According to Toronto's CBC News, these reforms that could impact businesses in Ontario include mandatory sick pay, improvement in paid vacation, changes in overtime policies and advanced scheduling as well as increased opportunities for joining a union. Ontario Chamber of Commerce vice president Karl Baldauf issued an official statement on the upcoming reforms.
"We're challenging whether or not such sweeping reforms are necessary,” Baldauf said in an interview with CBC News. "We have to make sure that you're not putting businesses in a position where they will actually be less inclined to hire or less inclined to expand as a result of new, onerous regulations.”
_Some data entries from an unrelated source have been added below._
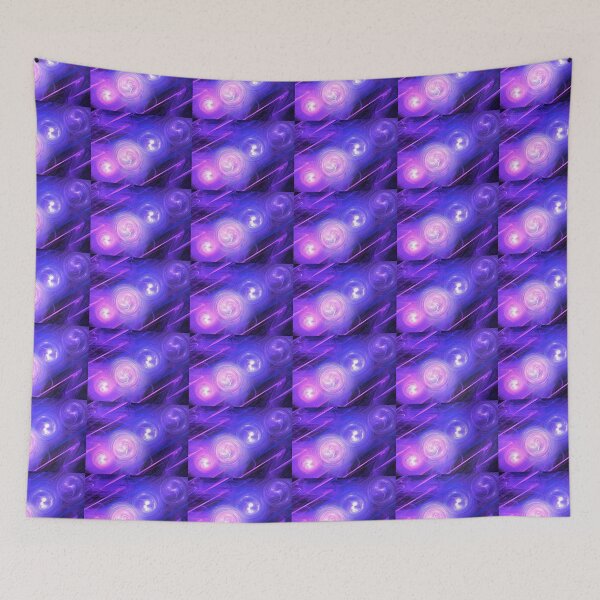 Item preview, Lavender Pink Rain designed and sold by KimSyOk.
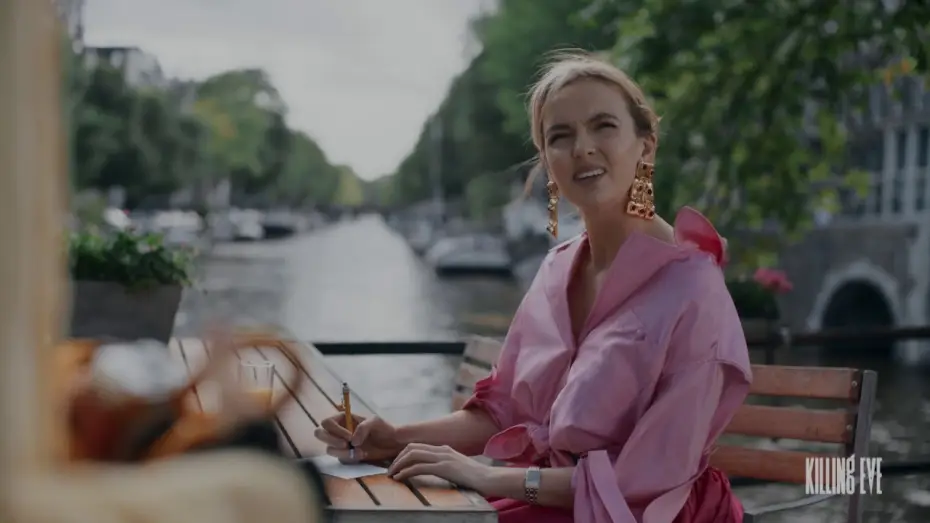 Wideo do serialu Obsesja Eve — Villanelle | Killing Eve Season 2 Premieres April 7 at 8pm | BBC America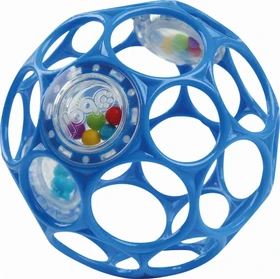 HCM Kinzel Oball Rassel blau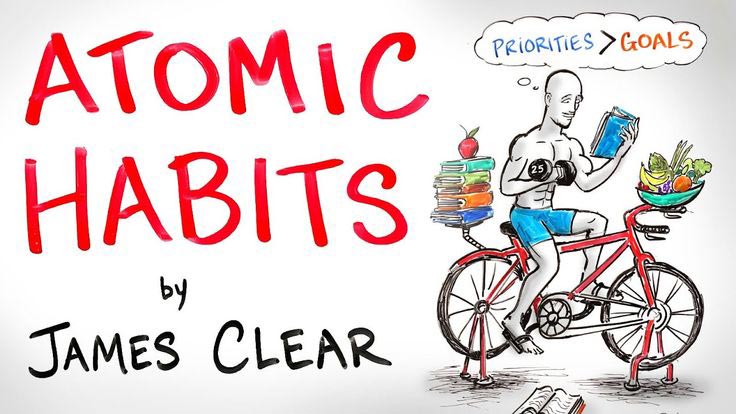 Atomic Habits2 - راهکارهای عملی برای ایجاد عادت های اتمی و سیستم سازی در بازاریابی دیجیتال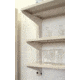 Vwr Shelf Slot Single 12D 48W VWRSSNL1248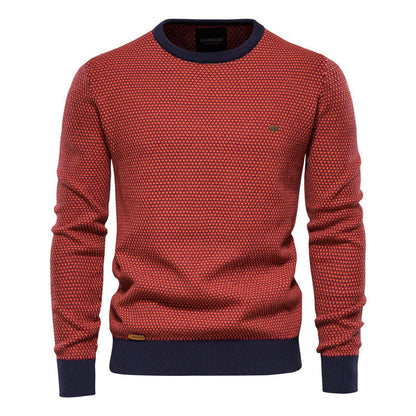 Bruce – Trend Pullover in Multiple Colors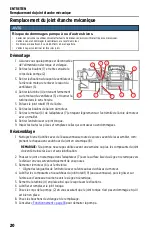 Предварительный просмотр 20 страницы Redlion 97080502 Owner'S Manual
In a meeting with Ontario Labor Minister Kevin Flynn, Baldauf urged the administration to make changes if it has obtained sufficient details about costs and benefits. Canadian politician and Ontario Premiere Kathleen Wynne requested a comprehensive review of the labor and employment laws being carried out among businesses in Ontario, focusing on risky employment circumstances and vulnerable employees.
Businesses in Ontario have been discussing the potential reforms since an interim report was released last year, putting forward over 200 proposals. The final report is set to be submitted to Flynn in the next few weeks.
Keep Ontario Working, an association of employer groups, issued its statement about the possible reforms, saying that the government should not approve public policy changes that would put businesses at risk. "We're hopeful that the government takes serious measures to help all workers, whether they belong to a union or not," Ontario Federation of Labour president Chris Buckley stated.
Some of the measures considered that will affect businesses in Ontario include the banning of replacement workers during lockouts and strikes, giving domestic workers permission to join unions and altering the policies about the creation of unions in industries that are typically non-unionized.
Currently, Ontario's Employment Standards Act does not require businesses in Ontario to offer payment for sick days. The present law also requires a minimum of two weeks for employees’ annual paid vacation. The government is then considering whether such period can be boosted to up to three weeks. Advisers are also discussing the pros and cons of recommending a policy that would oblige employers to give employees advance notice in terms of schedules.